→ TASK:
Although the data below contains pictures, please reproduce only its words, exactly.

→ INPUT FOR THIS TASK:

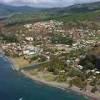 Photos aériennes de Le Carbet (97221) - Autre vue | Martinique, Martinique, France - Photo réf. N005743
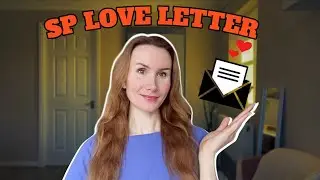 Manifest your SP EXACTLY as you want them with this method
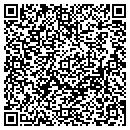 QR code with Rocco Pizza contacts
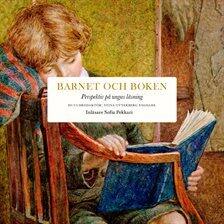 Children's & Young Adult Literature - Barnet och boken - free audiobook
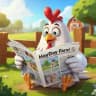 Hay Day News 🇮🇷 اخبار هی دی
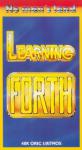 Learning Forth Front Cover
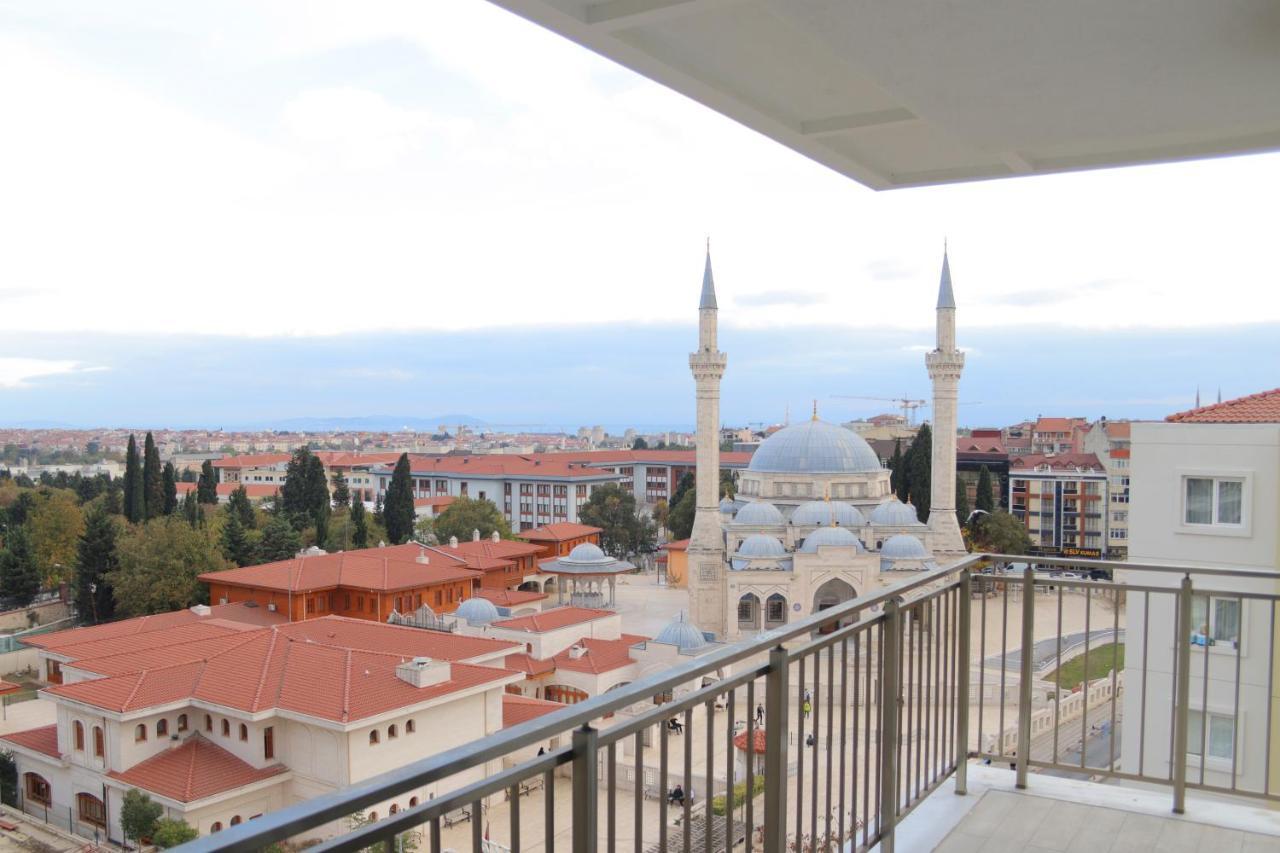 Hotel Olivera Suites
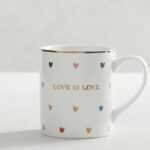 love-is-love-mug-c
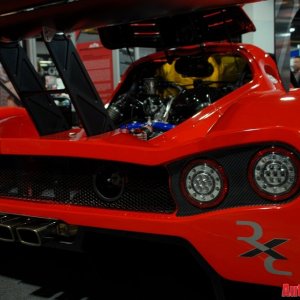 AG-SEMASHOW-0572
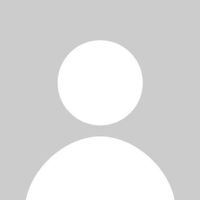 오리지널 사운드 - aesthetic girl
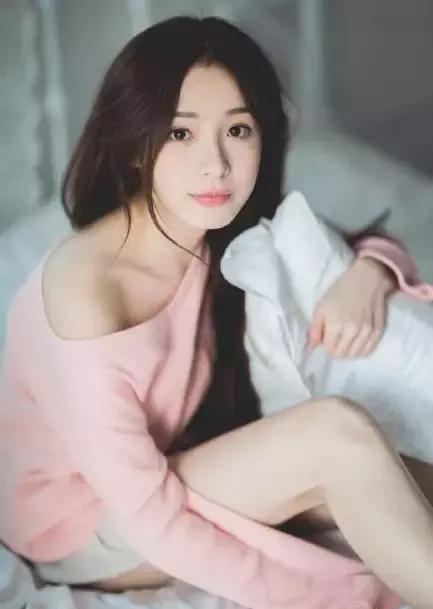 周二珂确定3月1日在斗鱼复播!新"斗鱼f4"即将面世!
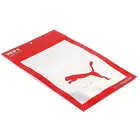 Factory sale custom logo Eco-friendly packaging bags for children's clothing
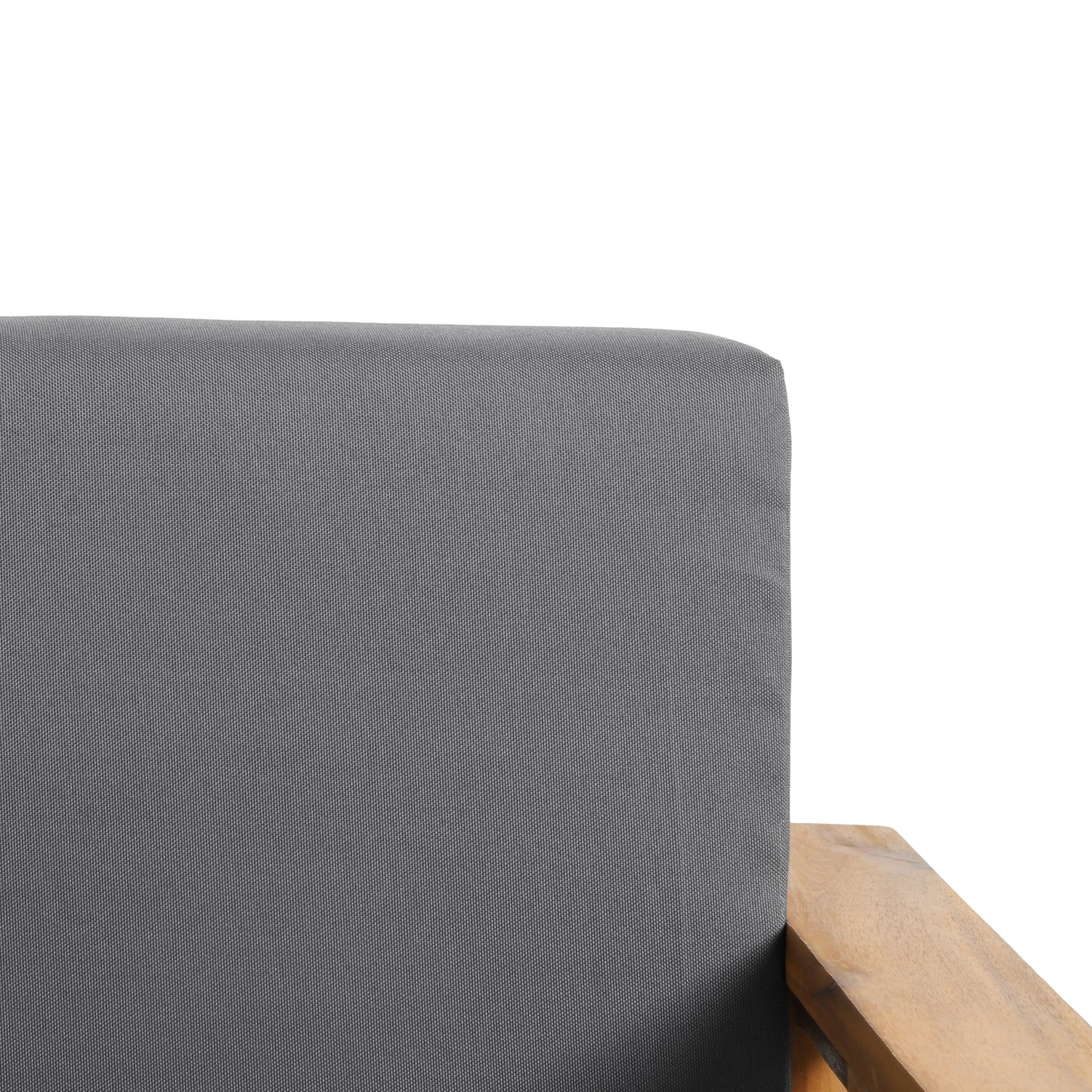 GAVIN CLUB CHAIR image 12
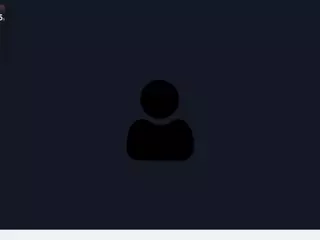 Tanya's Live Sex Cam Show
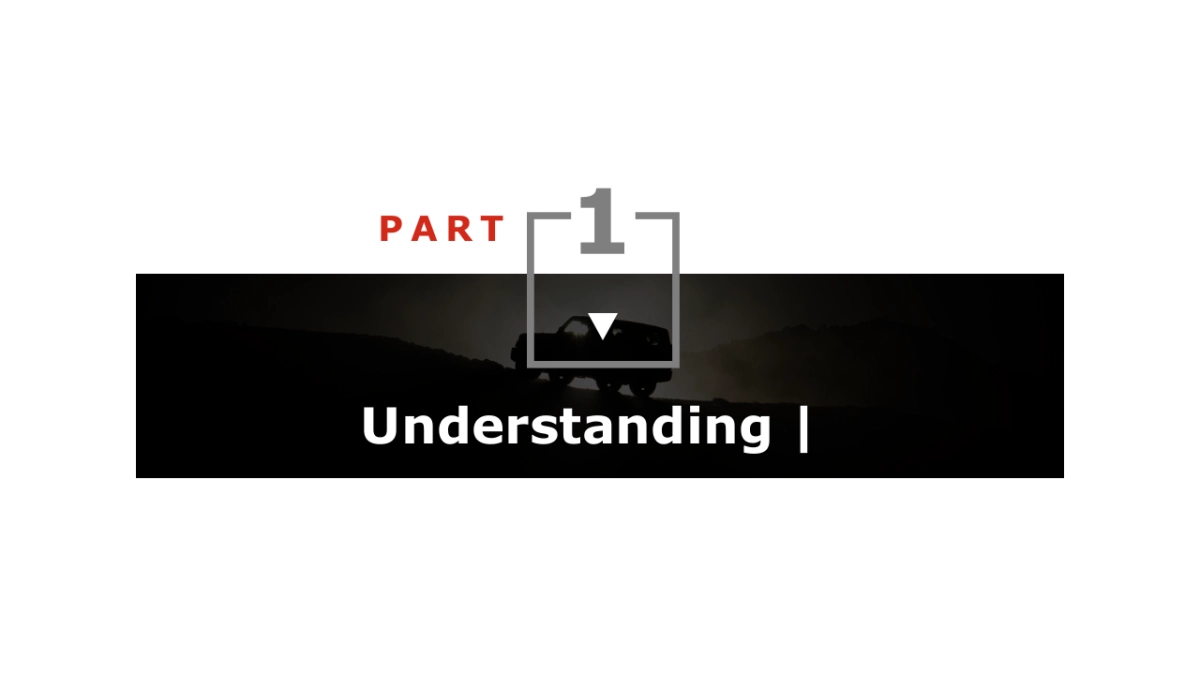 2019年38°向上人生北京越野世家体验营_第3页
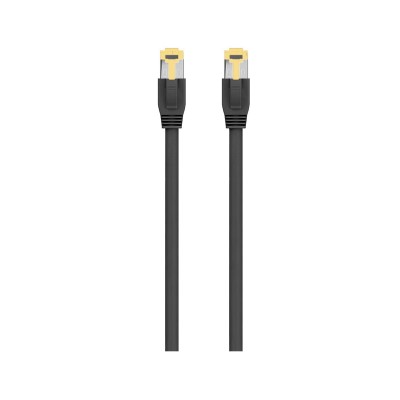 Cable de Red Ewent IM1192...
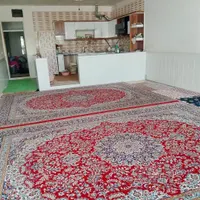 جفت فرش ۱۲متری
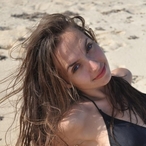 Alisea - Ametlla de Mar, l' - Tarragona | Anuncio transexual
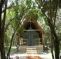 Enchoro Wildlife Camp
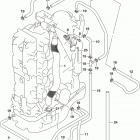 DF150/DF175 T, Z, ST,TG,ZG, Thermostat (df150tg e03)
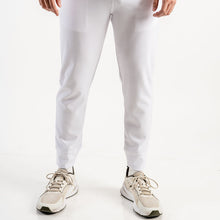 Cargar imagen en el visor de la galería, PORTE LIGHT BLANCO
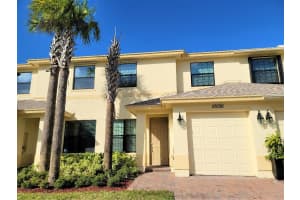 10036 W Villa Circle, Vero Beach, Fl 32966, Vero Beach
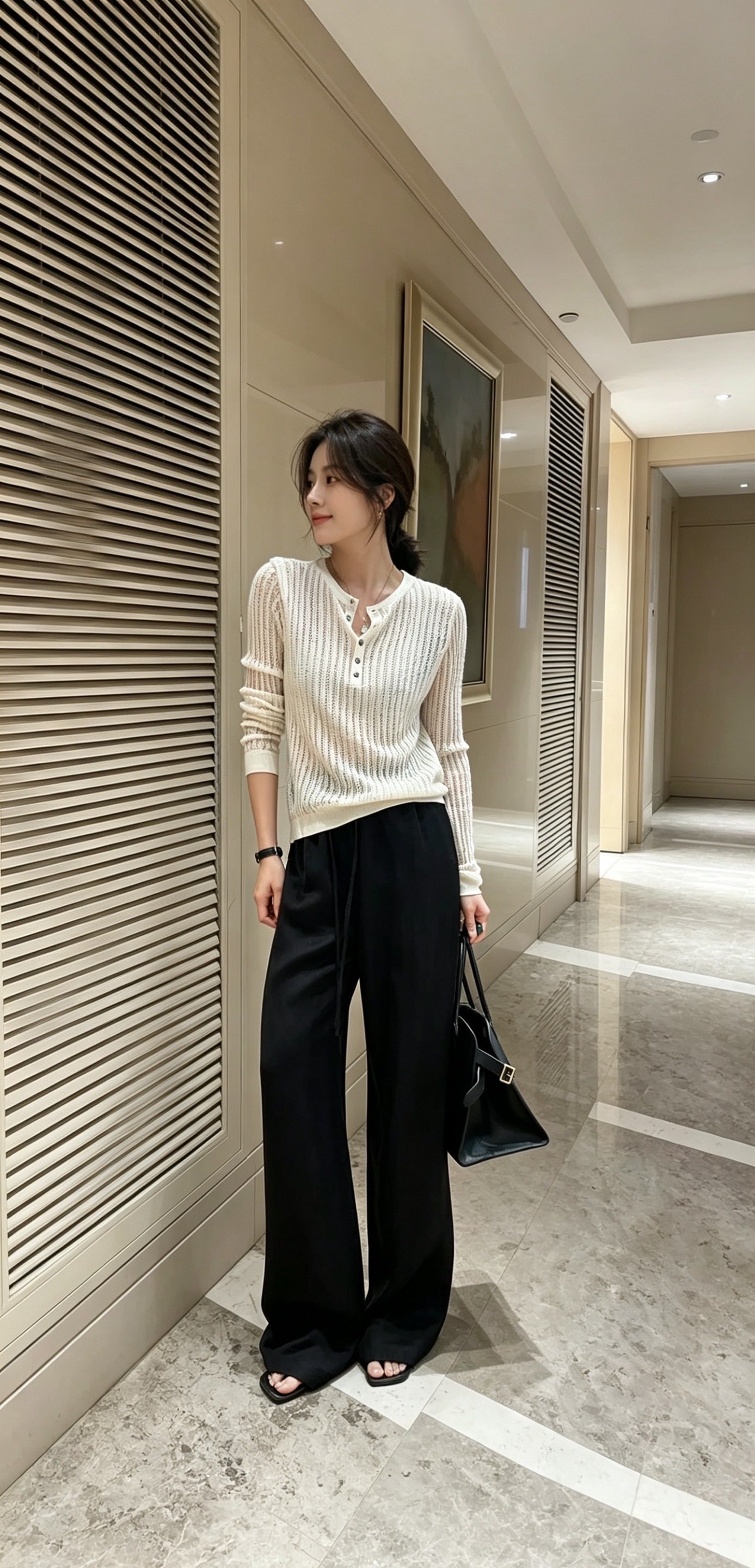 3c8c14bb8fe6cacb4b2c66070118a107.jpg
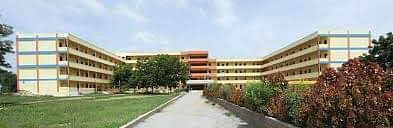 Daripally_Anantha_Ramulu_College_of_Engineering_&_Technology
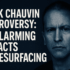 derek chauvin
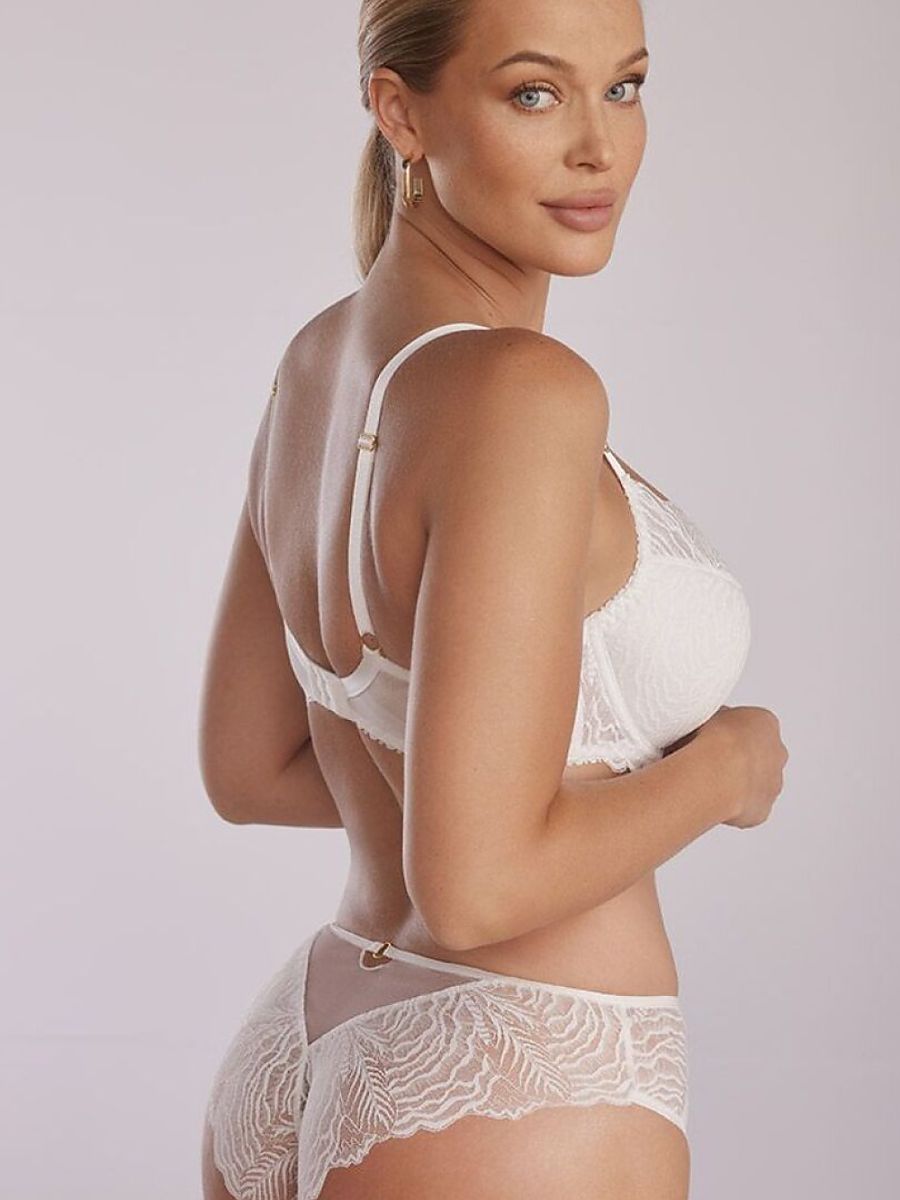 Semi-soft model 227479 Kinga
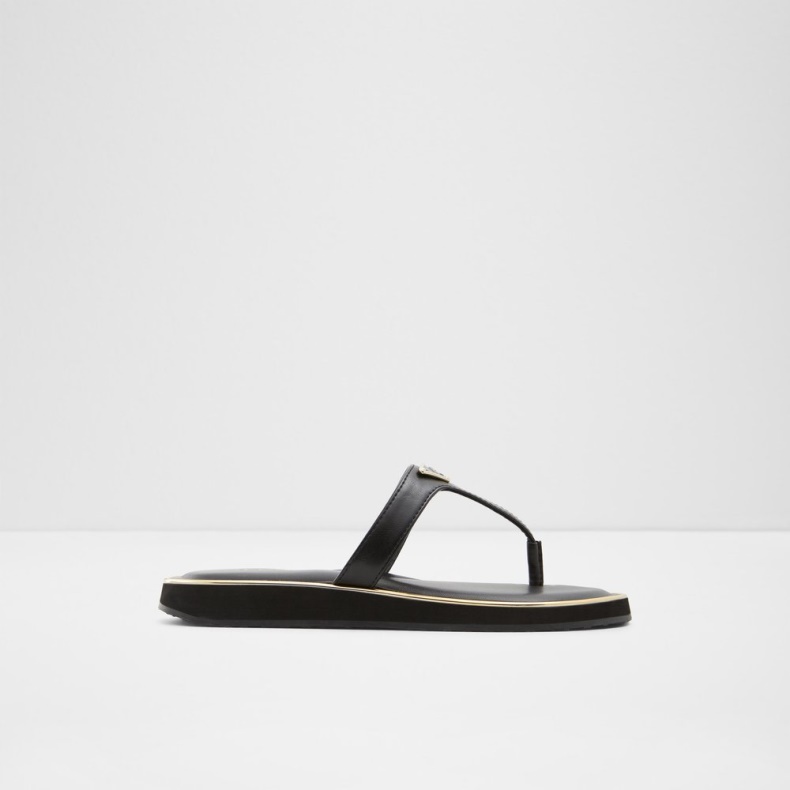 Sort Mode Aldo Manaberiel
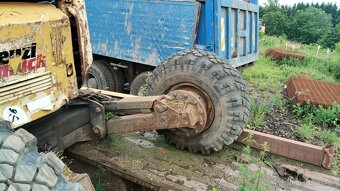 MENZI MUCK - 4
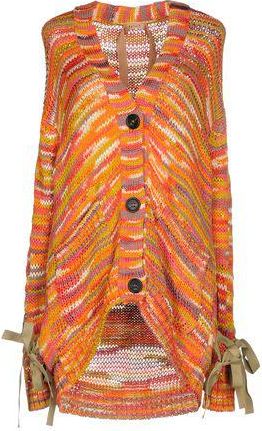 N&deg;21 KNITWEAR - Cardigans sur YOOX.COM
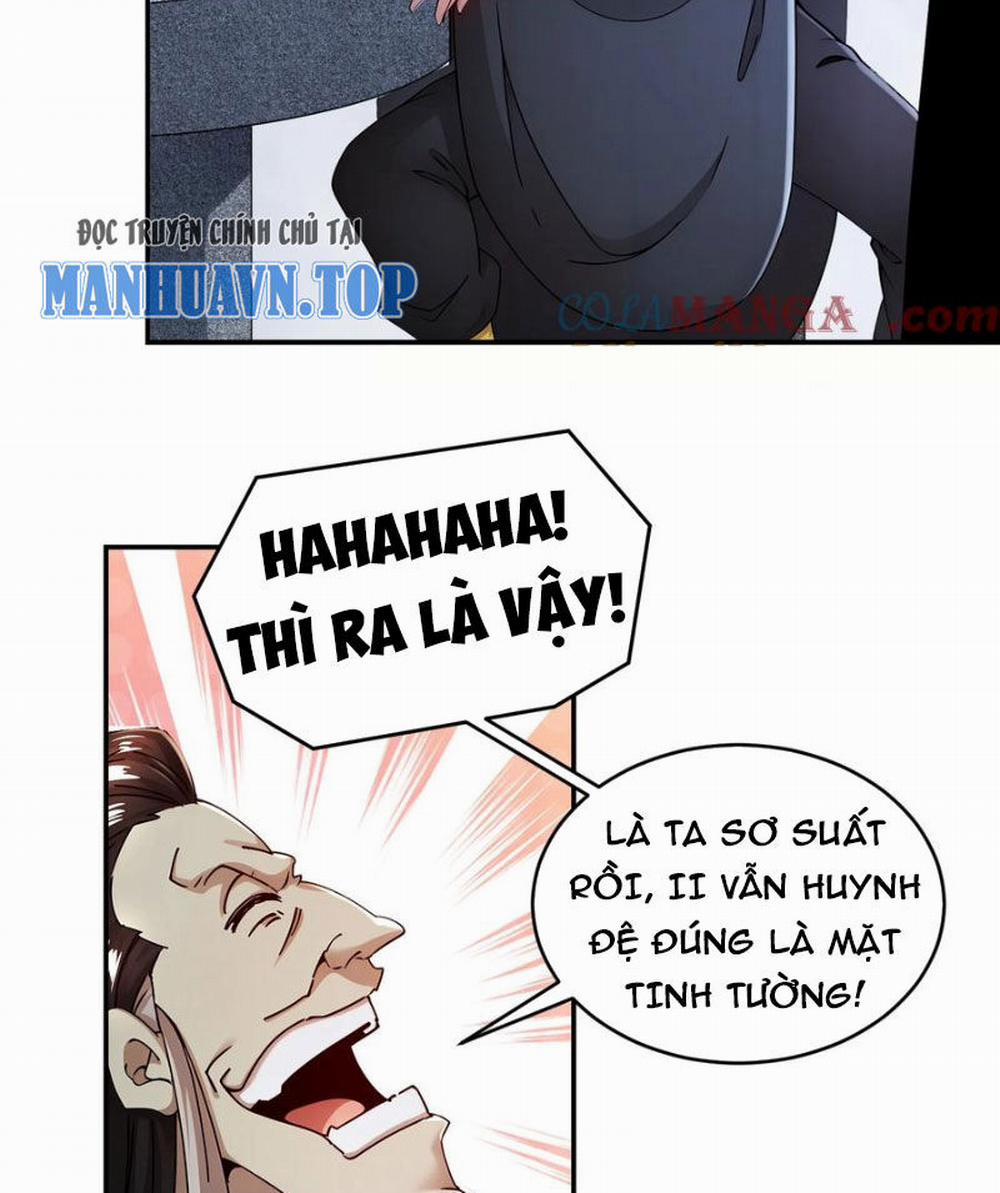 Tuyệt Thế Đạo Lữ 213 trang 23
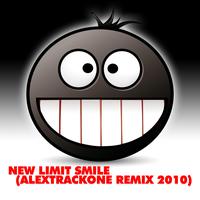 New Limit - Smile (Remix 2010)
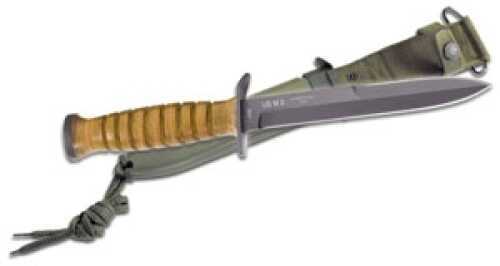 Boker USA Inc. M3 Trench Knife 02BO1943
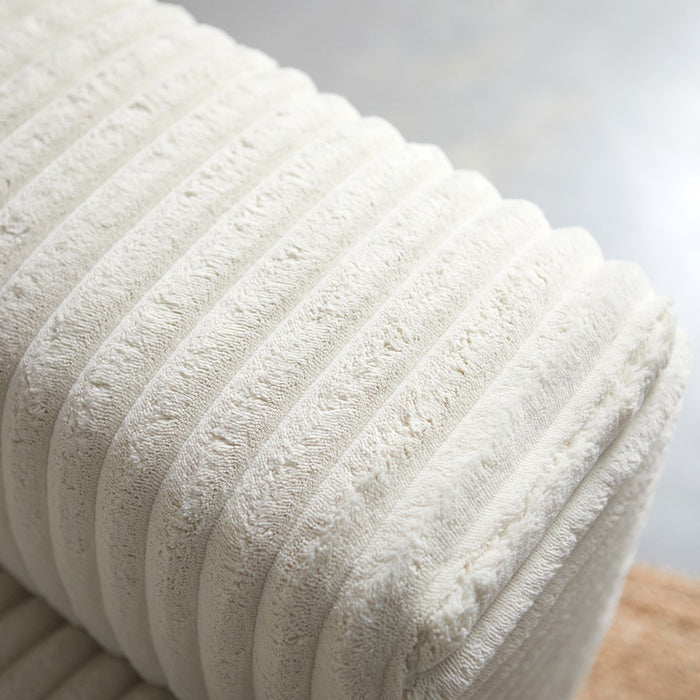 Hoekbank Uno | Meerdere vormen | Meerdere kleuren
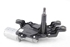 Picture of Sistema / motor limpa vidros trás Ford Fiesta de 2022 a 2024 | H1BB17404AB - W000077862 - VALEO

→ TASK RESULT:
 Photos aériennes de Le Carbet (97221) - Autre vue | Martinique, Martinique, France - Photo réf. N005743
 Manifest your SP EXACTLY as you want them with this method
 QR code with Rocco Pizza contacts
 Children's & Young Adult Literature - Barnet och boken - free audiobook
 Hay Day News 🇮🇷 اخبار هی دی
 Learning Forth Front Cover
 Hotel Olivera Suites
 love-is-love-mug-c
 AG-SEMASHOW-0572
 오리지널 사운드 - aesthetic girl
 周二珂确定3月1日在斗鱼复播!新"斗鱼f4"即将面世!
 Factory sale custom logo Eco-friendly packaging bags for children's clothing
 GAVIN CLUB CHAIR image 12
 Tanya's Live Sex Cam Show
 2019年38°向上人生北京越野世家体验营_第3页
 Cable de Red Ewent IM1192...
 جفت فرش ۱۲متری
 Alisea - Ametlla de Mar, l' - Tarragona | Anuncio transexual
 Enchoro Wildlife Camp
 DF150/DF175 T, Z, ST,TG,ZG, Thermostat (df150tg e03)
 Cargar imagen en el visor de la galería, PORTE LIGHT BLANCO
 10036 W Villa Circle, Vero Beach, Fl 32966, Vero Beach
 3c8c14bb8fe6cacb4b2c66070118a107.jpg
 Daripally_Anantha_Ramulu_College_of_Engineering_&_Technology
 derek chauvin
 Semi-soft model 227479 Kinga
 Sort Mode Aldo Manaberiel
 MENZI MUCK - 4
 N&deg;21 KNITWEAR - Cardigans sur YOOX.COM
 Tuyệt Thế Đạo Lữ 213 trang 23
 New Limit - Smile (Remix 2010)
 Boker USA Inc. M3 Trench Knife 02BO1943
 Hoekbank Uno | Meerdere vormen | Meerdere kleuren
 Picture of Sistema / motor limpa vidros trás Ford Fiesta de 2022 a 2024 | H1BB17404AB - W000077862 - VALEO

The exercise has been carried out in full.